WHAT IS BEING ASKED -
Without including any images, set down the records below exactly.

▼

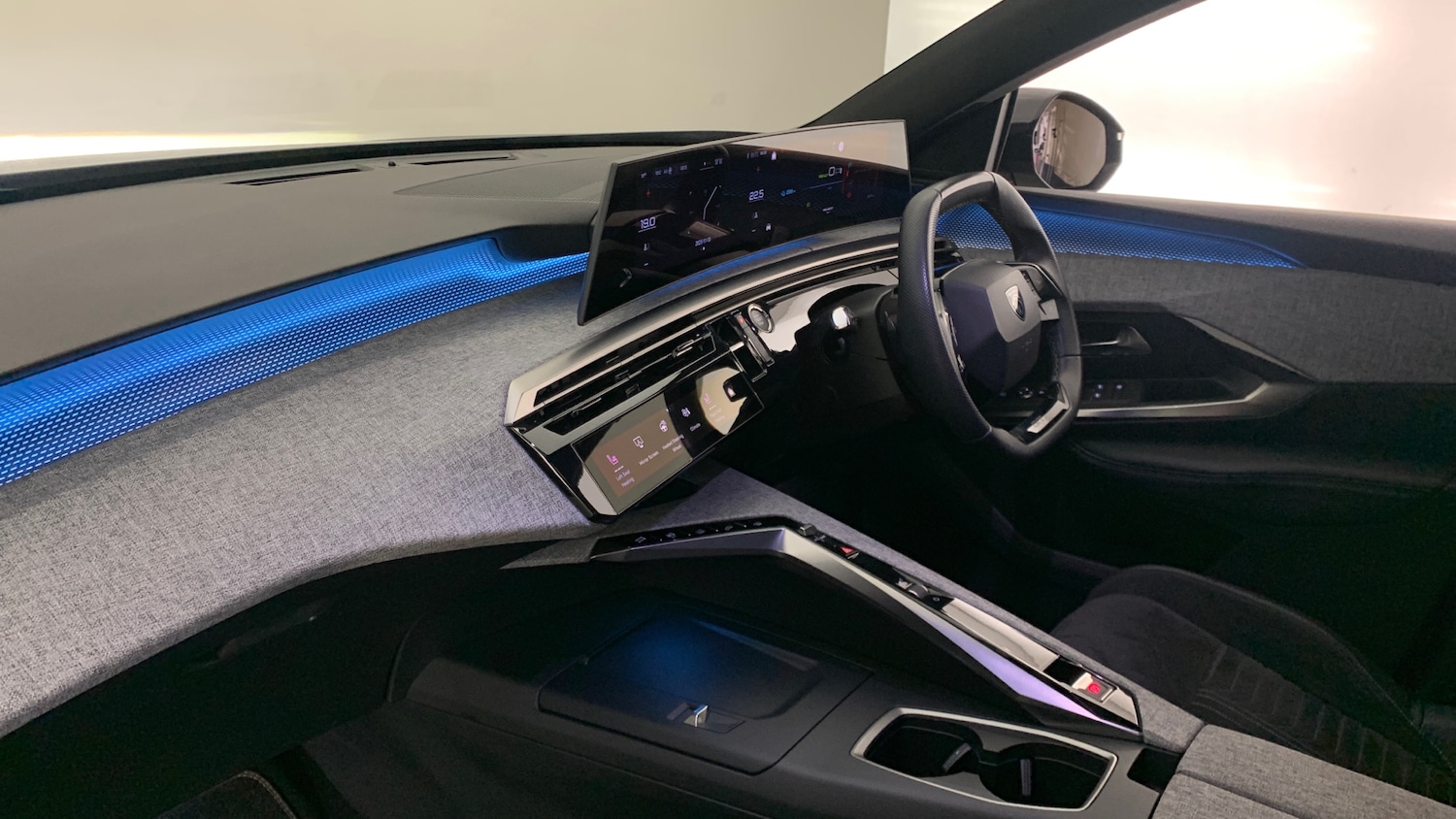 Used Peugeot 3008 2024 for sale - 76647060: Photo 2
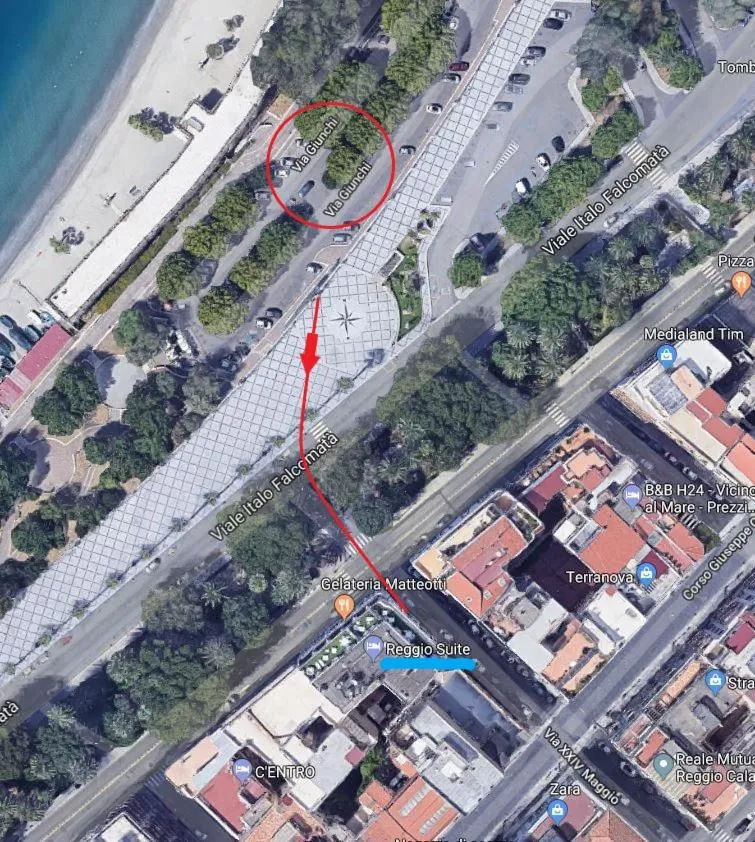 Street view in Reggio Suite Luxury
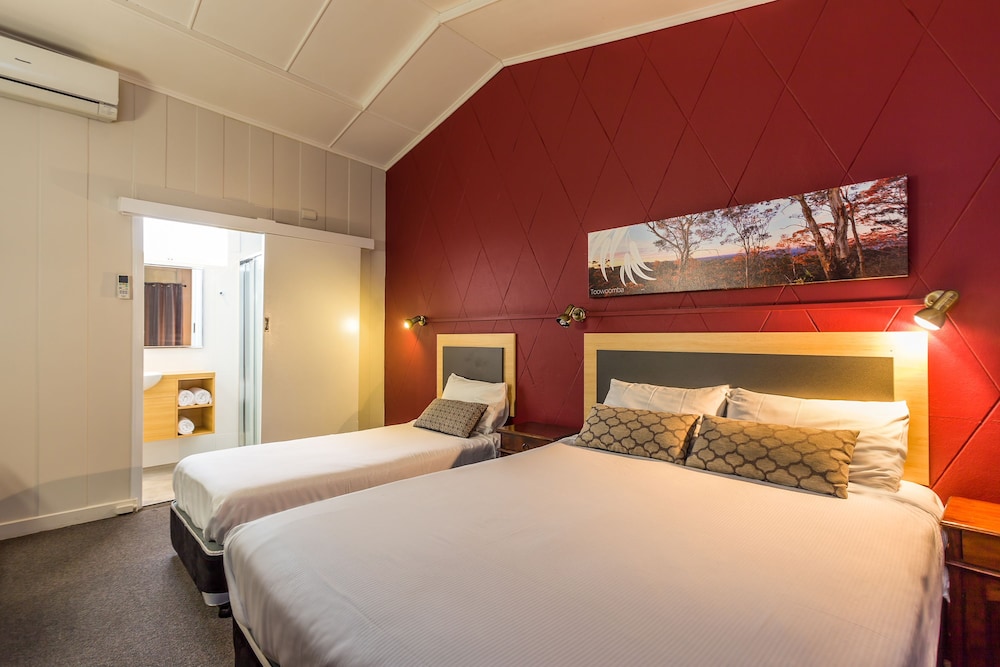 DOWNS MOTEL 20/35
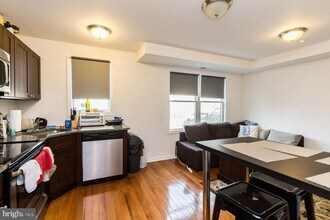 1429 Poplar St in Philadelphia, PA - Building Photo - Building Photo
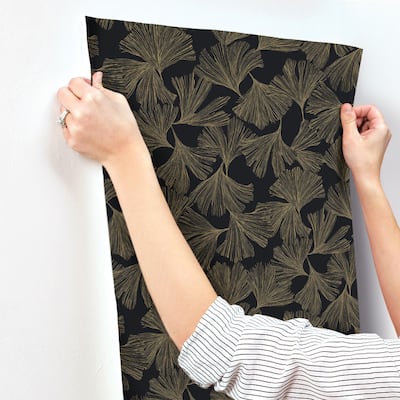 Gennevilliers Black Non-Woven Unpasted Botanical Ginkgo Toss Wallpaper Covers about 60.75 sq. ft.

▲

FINISHED EXERCISE -
 Used Peugeot 3008 2024 for sale - 76647060: Photo 2
 Street view in Reggio Suite Luxury
 DOWNS MOTEL 20/35
 1429 Poplar St in Philadelphia, PA - Building Photo - Building Photo
 Gennevilliers Black Non-Woven Unpasted Botanical Ginkgo Toss Wallpaper Covers about 60.75 sq. ft.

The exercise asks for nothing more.